IT’S GOOD TO BE KING
Anyone with kids of a certain age (or kids with access to Disney+) will remember the strutting, youthful Simba in The Lion King, singing about how he’d be “free to run around all day… free to do it all my way…”
The stripling cub might have been singing about the wonder of sovereign immunity, that quaint concept that no one may sue the government. Of course, people do sue the government – this is the US of A, where people sue everyone, sometimes even suing themselves – but in order to do so, the government must grant permission first.
Such a notion may seem peculiar, that the government would give private citizens the right to sue. But the government has done so implicitly and explicitly. The explicit permission of interest to readers of this blog is the Federal Tort Claims Act.
The FTCA allows people to sue the officers and employees of the federal government for negligence.
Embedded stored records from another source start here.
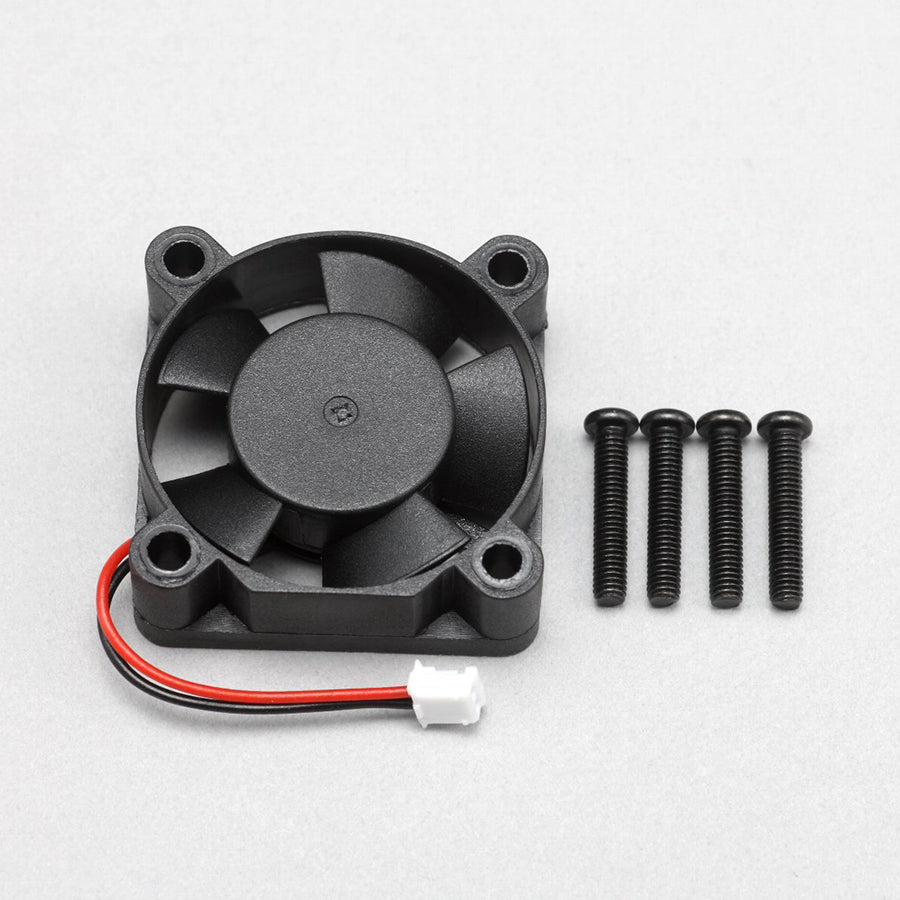 Yokomo (#BL-CF4) ESC Cooling Fan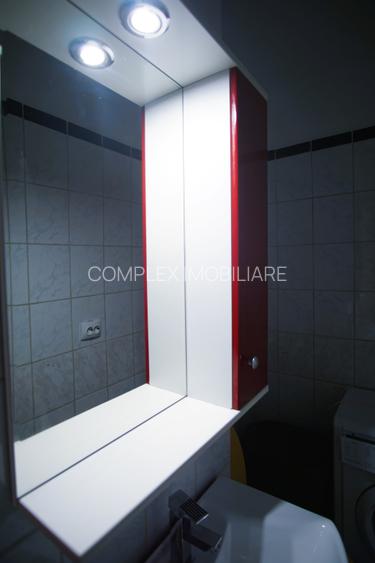 13 Septembrie | Metrou Orizont | Modern | LOC PARCARE | Centrală de bloc | 2 băi - 20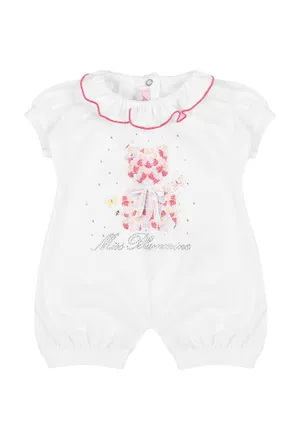 Ромпер Miss Blumarine 3453   121/91c Купити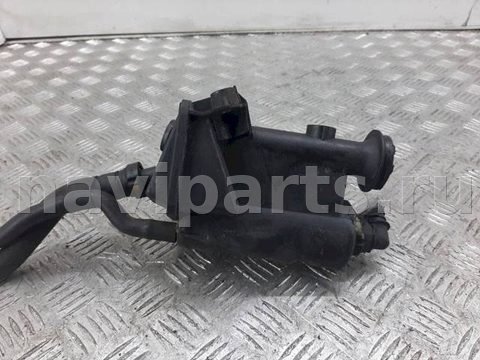 Маслозаливная горловина Renault Scenic, 2006 г., OEM 8200279414, арт. 1040622, фото 4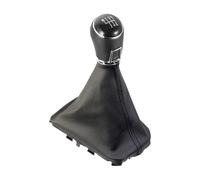 Per SEAT Per Ibiza V Per MK5 2017 2018 2019 2020 2021 2022 2023 2024 2025 Pomello Cambio LHD 5 6 Velocità Pomello Cambio Per Auto Marce Manopola(6 Speed)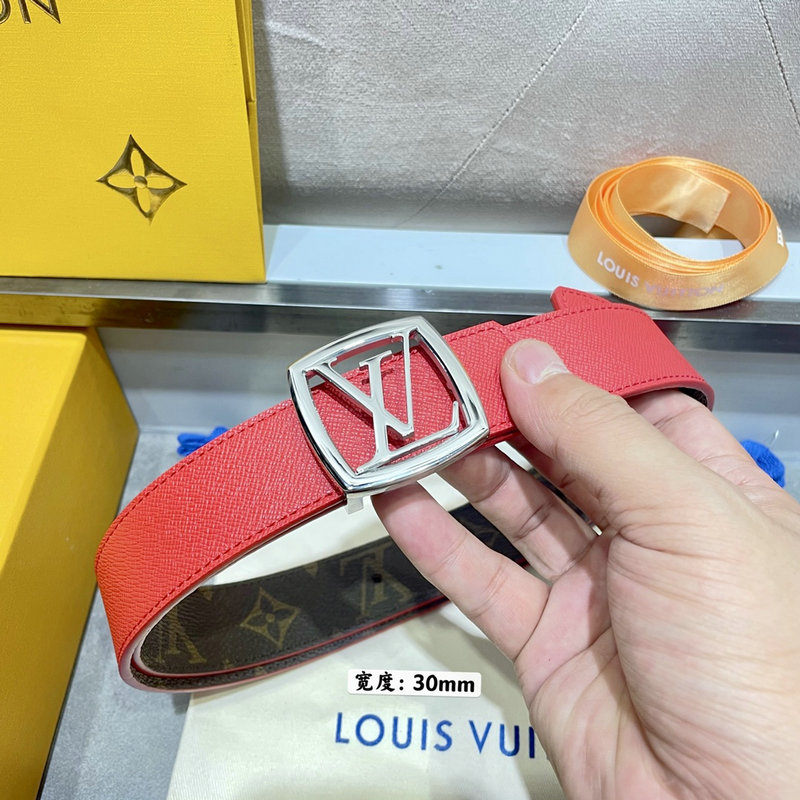 FASH LOUIS VUITTON Belts 2109XF0027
There are strings attached: generally, a rather inflexible administrative exhaustion procedure must be followed first, the statute of limitations is brutally short, and the types of conduct that may justify a suit are limited.
A federal employee runs into you with a dump truck? You may sue. But, as we’ll see today, if your injury results from something more esoteric, you may be foreclosed by the “discretionary function” doctrine.
Monday, we’ll look at how the FTCA applies to the duty to inspect trees (of which the US Forest Service owns a few).
Gonzalez v. United States, Case No. 16-60062 (5th Cir., Mar. 22, 2017). Teresa Gonzalez and her friend were riding mountain bikes on some trails in the De Soto National Forest of Mississippi. Teresa did not bother to check the bulletin board at the head of the trails. If she had, she would have seen the sign warning that the Couch Loop Trail was closed.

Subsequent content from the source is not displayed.